200000 fantômes s'inscrit dans la continuité des travaux de l'auteur tout en marquant quelques ruptures, notamment par le recours à une grande abstraction qui favorise plus la réflexion philosophique qu'événementielle. L’exposition dure, ici, très peu de temps. On voit la construction, en 1915, d'un grand bâtiment d'affaires sur un promontoire à Hiroshima. Quelques brèves images d'époque nous montrent, de manière plasticienne, des profils de la ville avec, toujours, l'édifice en ligne de mire. Puis, 1945, la fin du conflit armé et le bombardement d'Hiroshima sont montrés sous divers angles (on note la richesse du matériel d'archives utilisé par Périot qui a dû trier des milliers de photos provenant du mémorial de la ville et d'autres sources).

L’édifice sera, contrairement à tout ce qui l'entoure, peu touché. Les autorités décident de le laisser en l'état afin qu'il témoigne, dans les écorchures de la pierre, du désastre humain (et architectural) dont il a été le témoin et la victime. Il devient le A-Bomb Dome. Périot ne réalise pas vraiment des documentaires. Donc on ne visitera pas le bâtiment en touristes des désastres. L’artiste cisèle ici son matériau en numérique et nous avons un travail en épaisseur de l'image. L’écran recueille d'abord de petites vignettes centrales souvent en noir et blanc, parfois en couleur, qui se multiplient et saturent rapidement tout l'espace. Après quelques incrustations qui montrent l'évolution de la ville renaissant de ses ruines (d'abord isolé en 1945 au milieu des gravats, le A-Bomb Dome voit fleurir des constructions diverses autour de lui jusqu'à devenir un petit point perdu dans la nouvelle cité, mais toujours présent à l'image).

Une incontestable forme de beauté et de fascination se donne à lire dans 200000 fantômes.
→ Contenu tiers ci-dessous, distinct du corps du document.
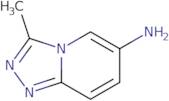 3-Methyl-[1,2,4]triazolo[4,3-a]pyridin-6-amine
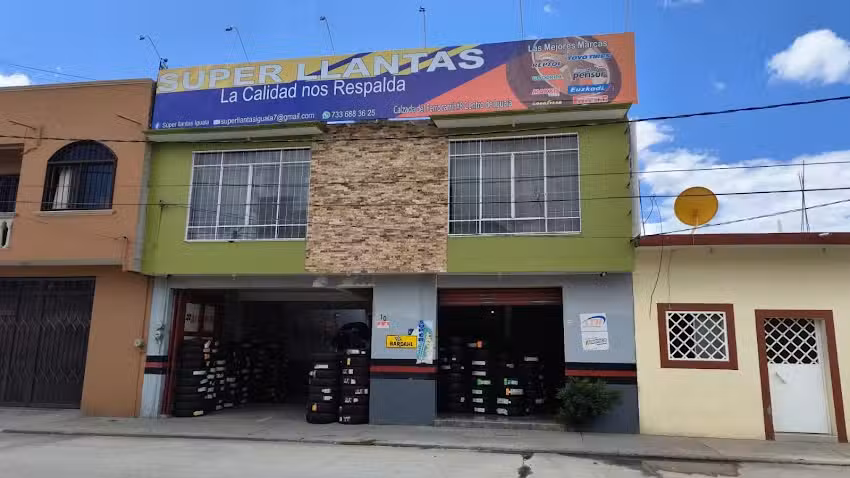 Super Llantas Alameda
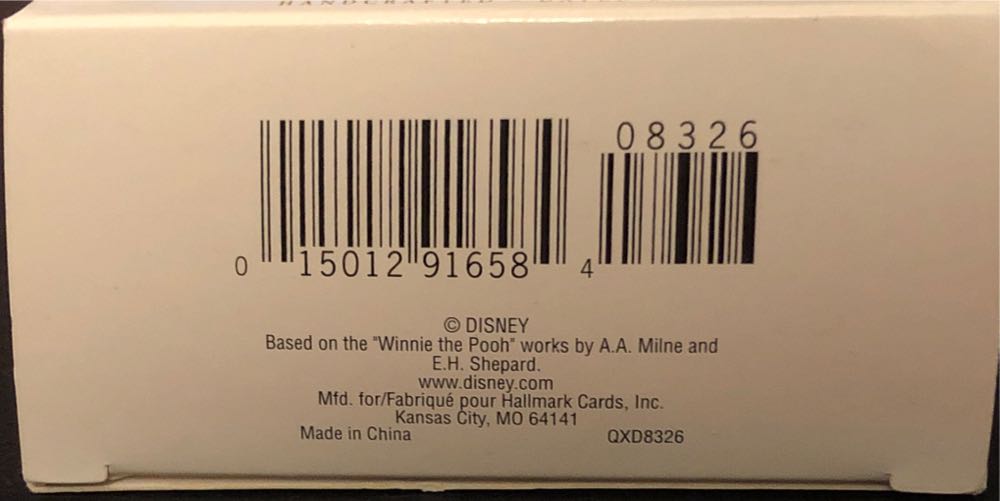 Bouncing Buddies - Disney (Winnie The Pooh Collection) ornament collectible [Barcode 015012916584] - Main Image 3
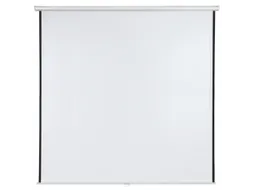 Projectiescherm Afmetingen 240x240 Cm Formaat 1:1 Handbediend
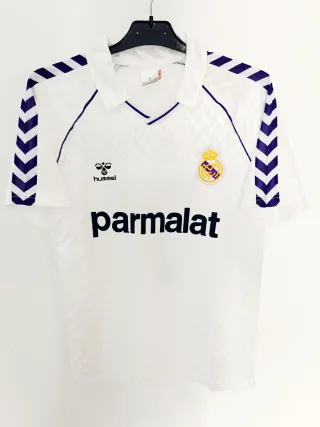 Camisa retro Real Madrid 86-88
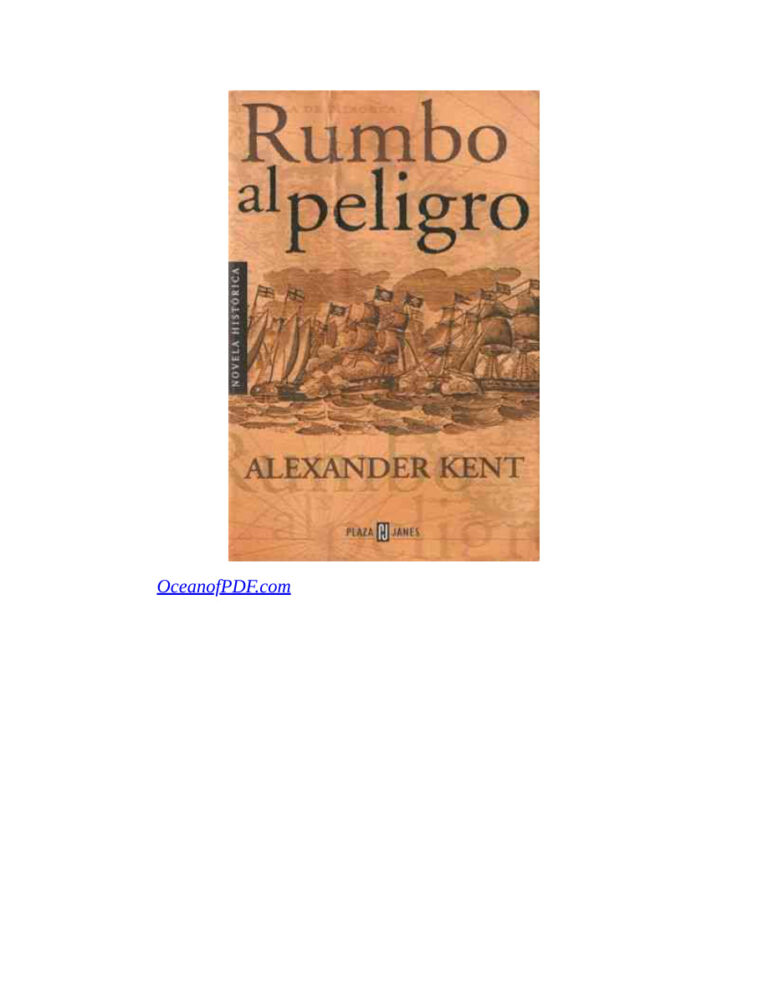 Rumbo al Peligro Kent Alexander Kitap Kapağı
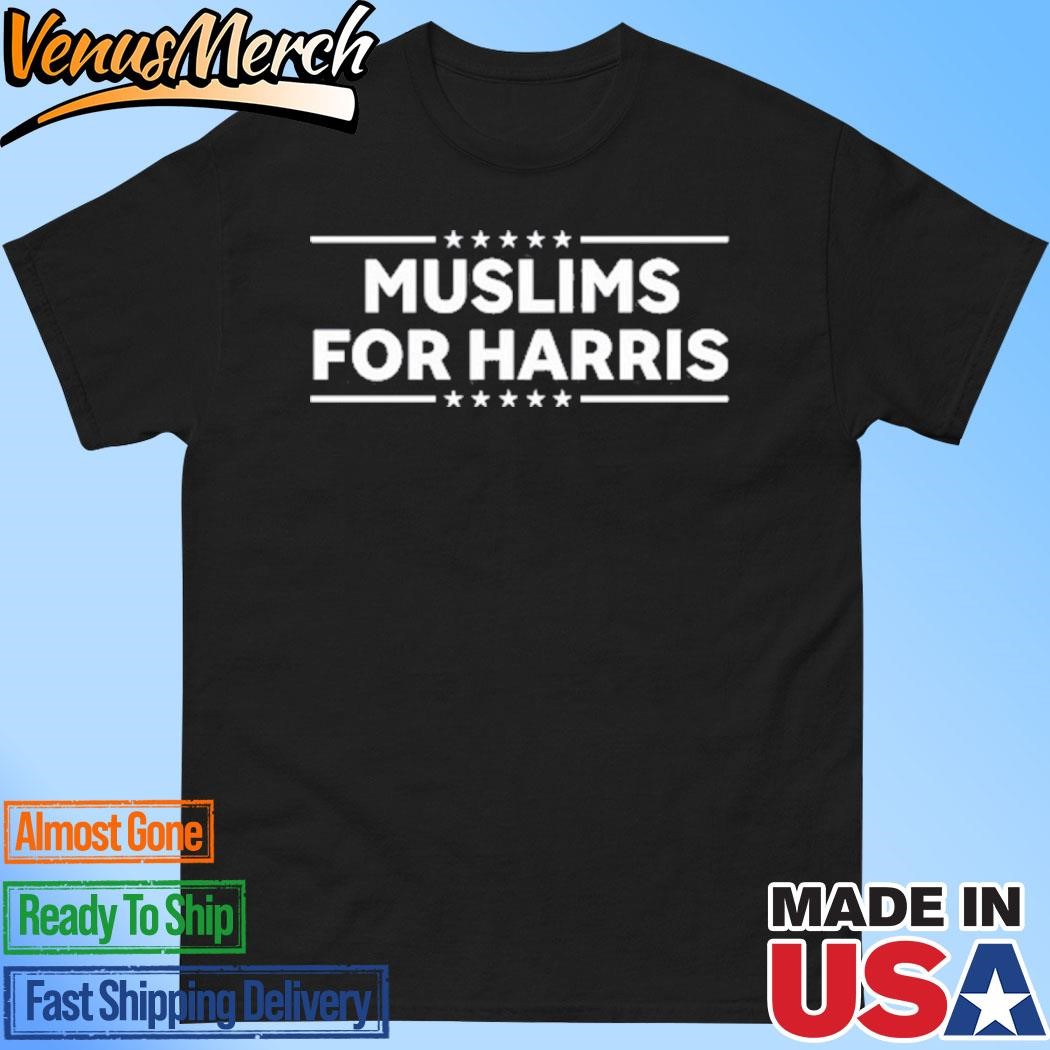 Official Rashad Mooreman Muslims For Harris Shirt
Le film circonscrit un corpus plus précis que la « guerre en général » : le devenir, essentiellement visuel, de la ville d'Hiroshima entre 1915 et 2006. Les images d'époques différentes sont imbriquées et incrustées les unes dans les autres, et nous convient ainsi à une curieuse ivresse des sens située entre destruction et reconstruction, entre entropie et renaissance.